San Antonio Spurs Draft Prospect 3: Kai Jones (Texas)
By all accounts, this was supposed to be the year of Greg Brown at the University of Texas, but lo and behold, Kai Jones had something to say about that. The 6-11, 218-pound sophomore has only played organized basketball for about five years but has come a long way, to say the least.
While they are very different players in terms of what they provide on the court, I see Kai Jones much in the same vein as Patrick Williams coming out of college: he’s a player with the tools to become an excellent NBA player that played most of his minutes in college coming off the bench.
In that way, looking at stats alone will not necessarily represent how good of a player Jones is now, and certainly not how good he could become in the NBA. Playing most of his minutes at the power forward position, Jones recorded an average of 8.8 points, 4.8 rebounds, and nearly one block and steal per game.

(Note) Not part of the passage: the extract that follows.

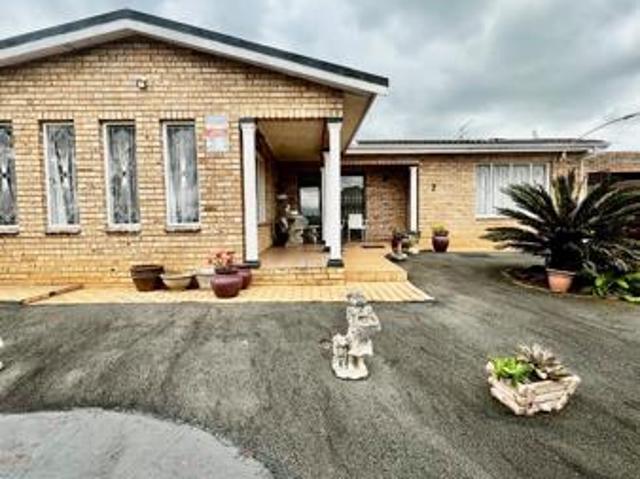 3 Bedroom House in Mysore Ridge
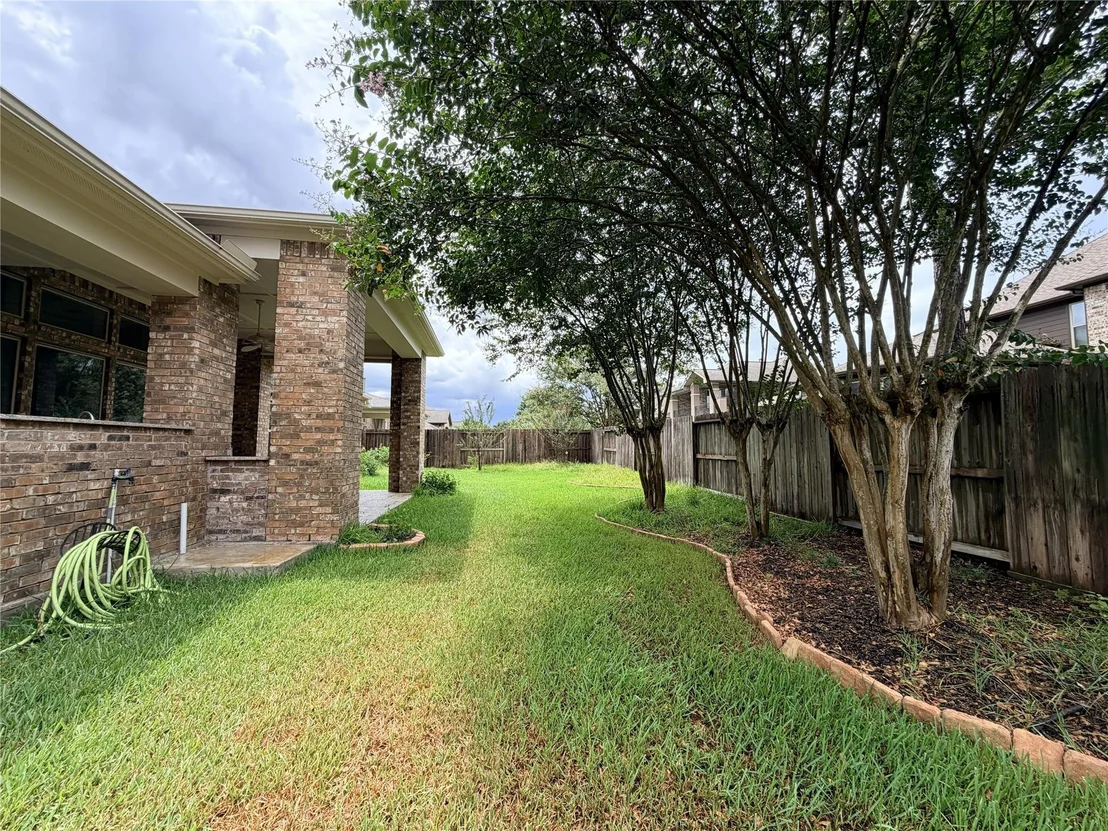 Photo of 6806 Auburn Sands Drive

Like some of the others on this list, Jones is a superb athlete that, at the next level, could at least be a rim-runner that’s a constant lob threat. Generally speaking, if he is anywhere near the other team’s basket, that other team is guaranteed to have a bad time. He’s also shown some promise as a potential stretch big, shooting about 69 percent from the free-throw line and a very respectable 38 percent from three (although only on 34 total attempts).
His ability to contort his body while remaining controlled is nearly super-human, which has allowed him to hit some tough contested jump shots and have some crazy-looking finishes at the rim. His potential on defense is just as interesting as his athleticism has allowed him to be a more-than-capable shot-blocker on the perimeter and in the paint during his time with the Longhorns.
On the occasions he’s had to switch onto smaller guards and wing players, his agility for his size has allowed him to guard them respectably well, even on highly skilled players like Cade Cunningham.
With all of that in mind, Jones’s potential on both sides of the floor is just that: potential. Of all the players featured on this list, Jones may have the biggest boom-or-bust potential. His IQ and decision-making are still largely a work-in-progress, and generally speaking, he is very raw.
At the same time, his two-way potential is sky-high. Because of this, by selecting Jones in the draft, the Spurs would be taking a bit of a gamble on his development. Personally, seeing how far he has been able to go in only five years of playing basketball, and considering how well he could fit within the Spurs young core, I would not mind this gamble at all, even if it takes a few years to pay off.